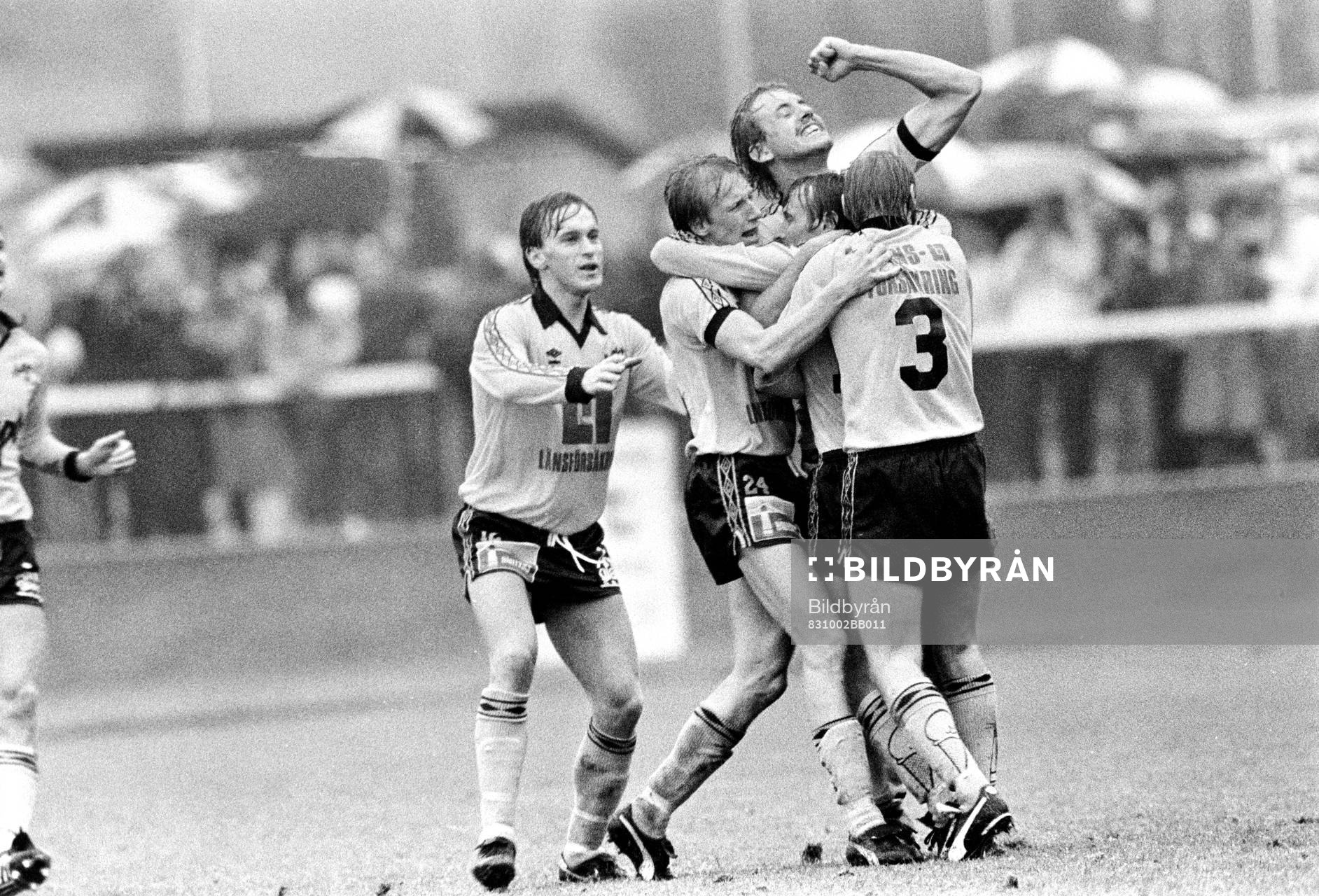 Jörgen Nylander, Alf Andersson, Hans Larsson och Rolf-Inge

==

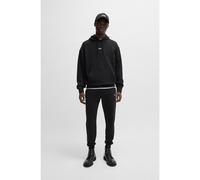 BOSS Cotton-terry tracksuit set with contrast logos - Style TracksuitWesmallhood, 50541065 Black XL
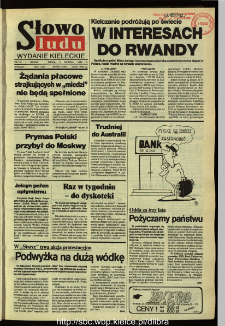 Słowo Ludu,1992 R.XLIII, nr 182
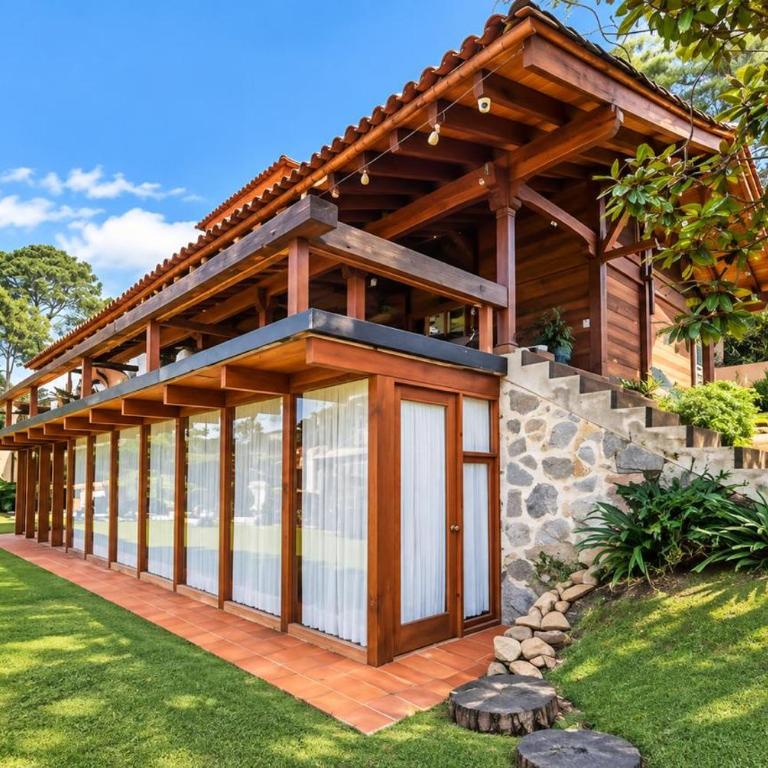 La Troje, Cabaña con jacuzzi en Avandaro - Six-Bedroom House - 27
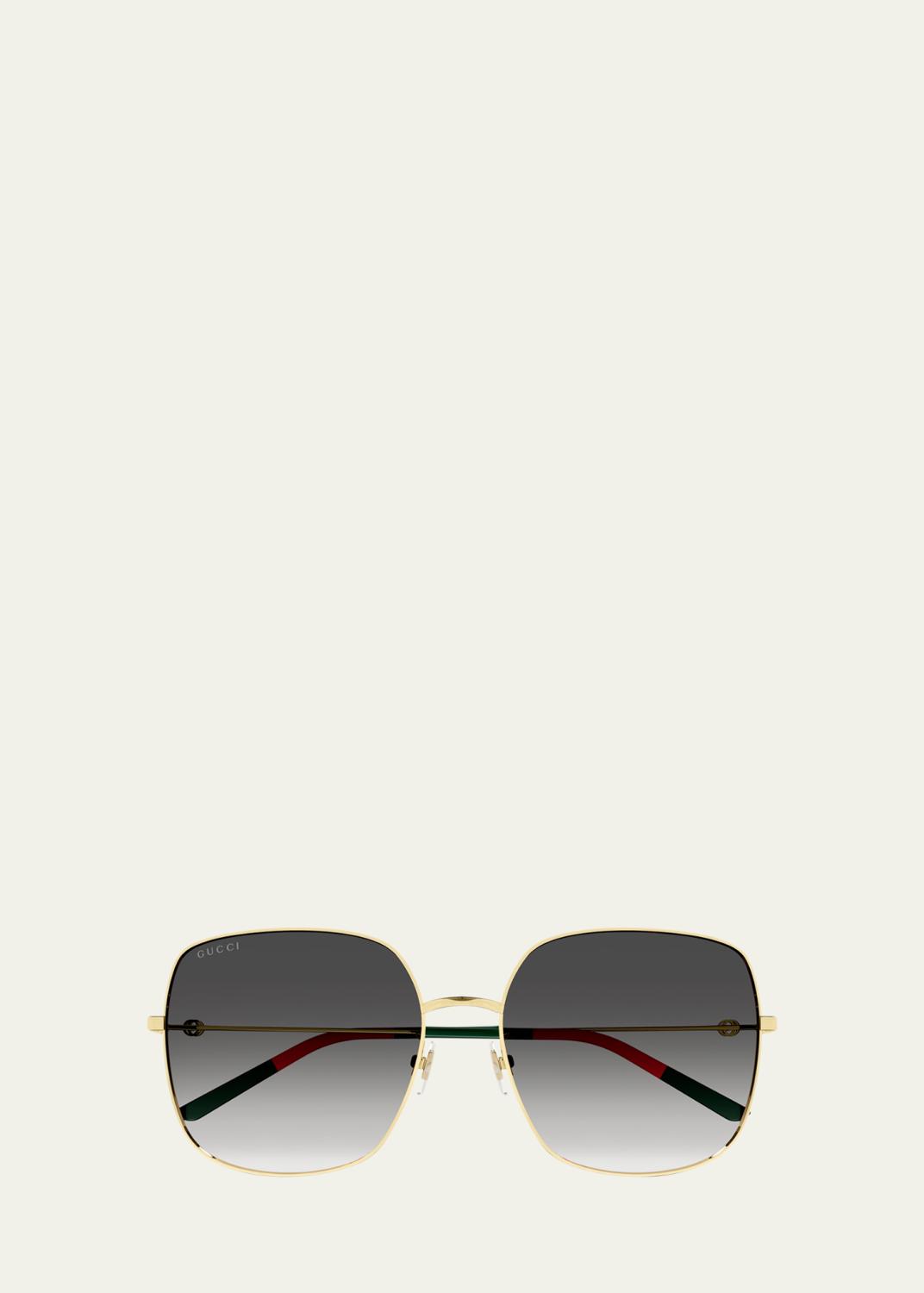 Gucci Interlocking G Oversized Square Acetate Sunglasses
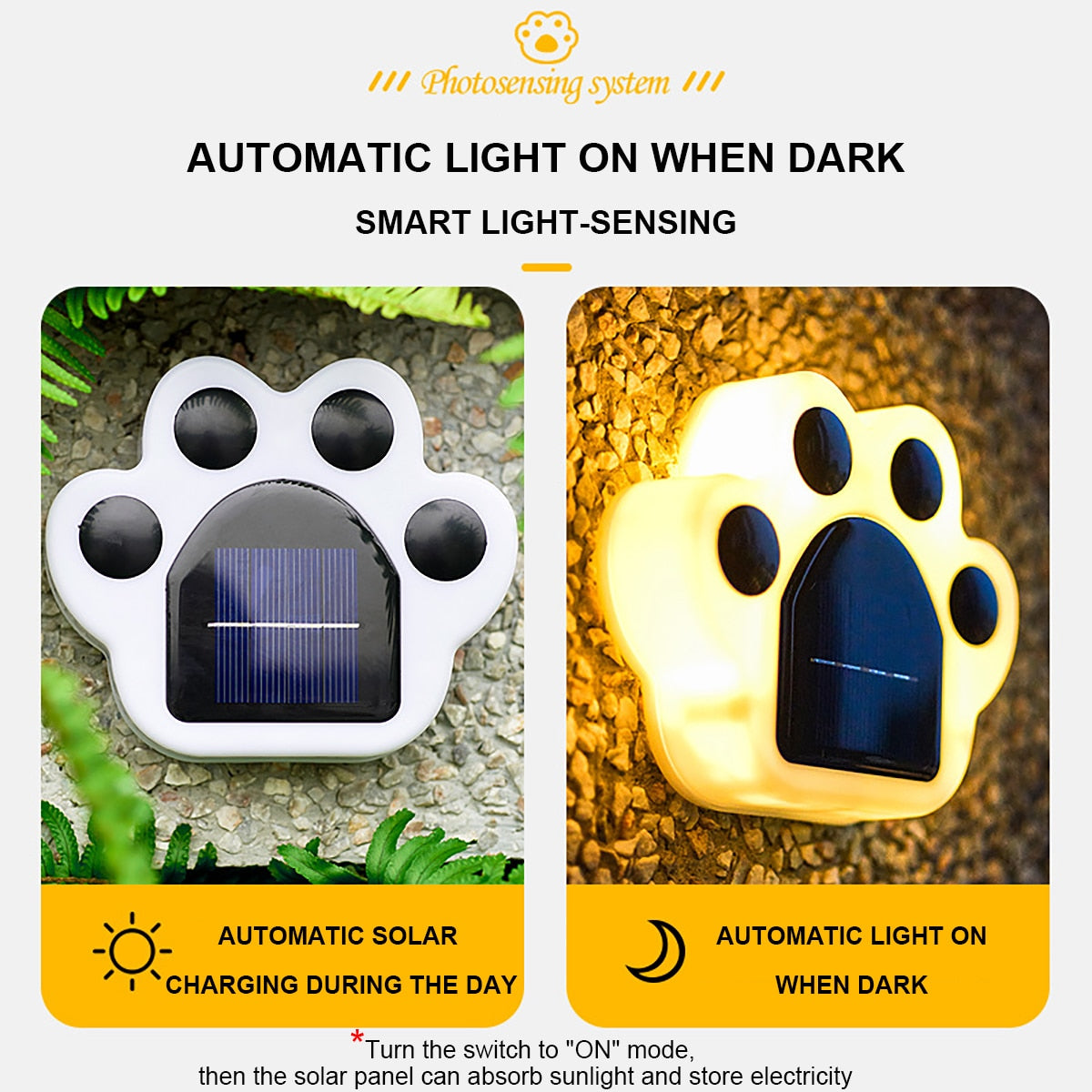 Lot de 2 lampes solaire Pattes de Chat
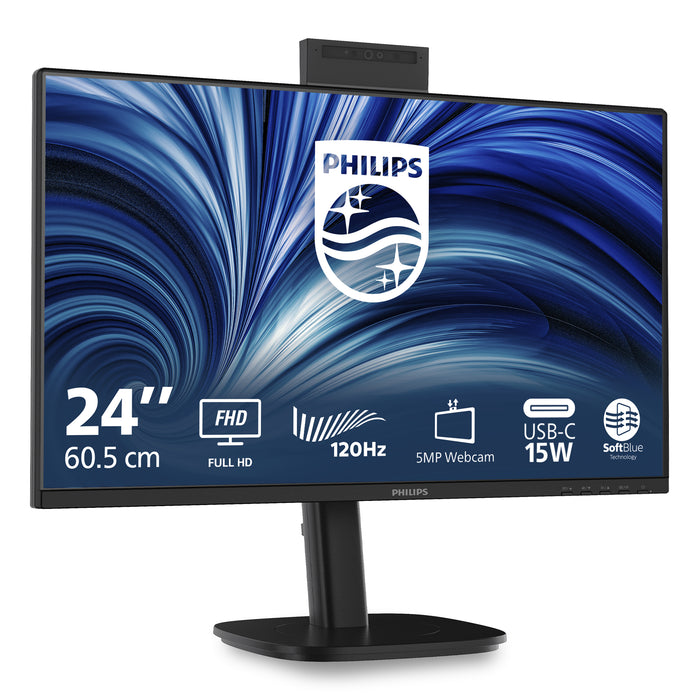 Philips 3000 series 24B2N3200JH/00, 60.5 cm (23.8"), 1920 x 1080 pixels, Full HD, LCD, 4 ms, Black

* * *

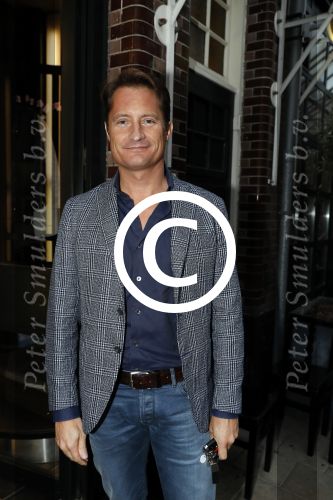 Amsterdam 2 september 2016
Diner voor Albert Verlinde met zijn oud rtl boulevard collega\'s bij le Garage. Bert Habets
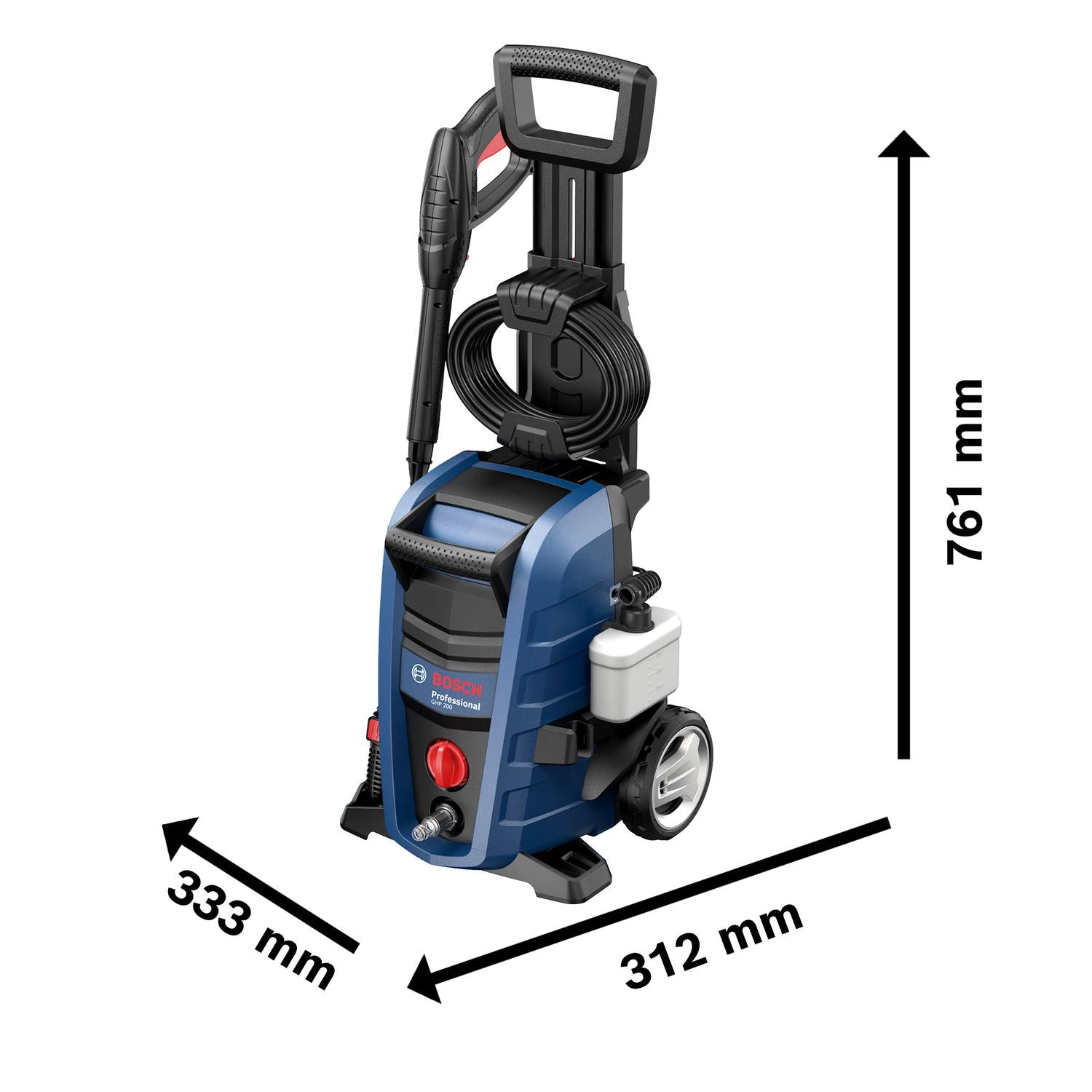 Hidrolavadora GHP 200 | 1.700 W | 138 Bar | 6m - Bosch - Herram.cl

◆ Instructions for the task: Look above for the line with "Lot de 2 lampes solaire Pattes de Chat"; quote it and every line after it, stopping after the line with "Philips 3000 series", exactly, with nothing added and without pictures.

◆ The answer:
 Lot de 2 lampes solaire Pattes de Chat
 Philips 3000 series 24B2N3200JH/00, 60.5 cm (23.8"), 1920 x 1080 pixels, Full HD, LCD, 4 ms, Black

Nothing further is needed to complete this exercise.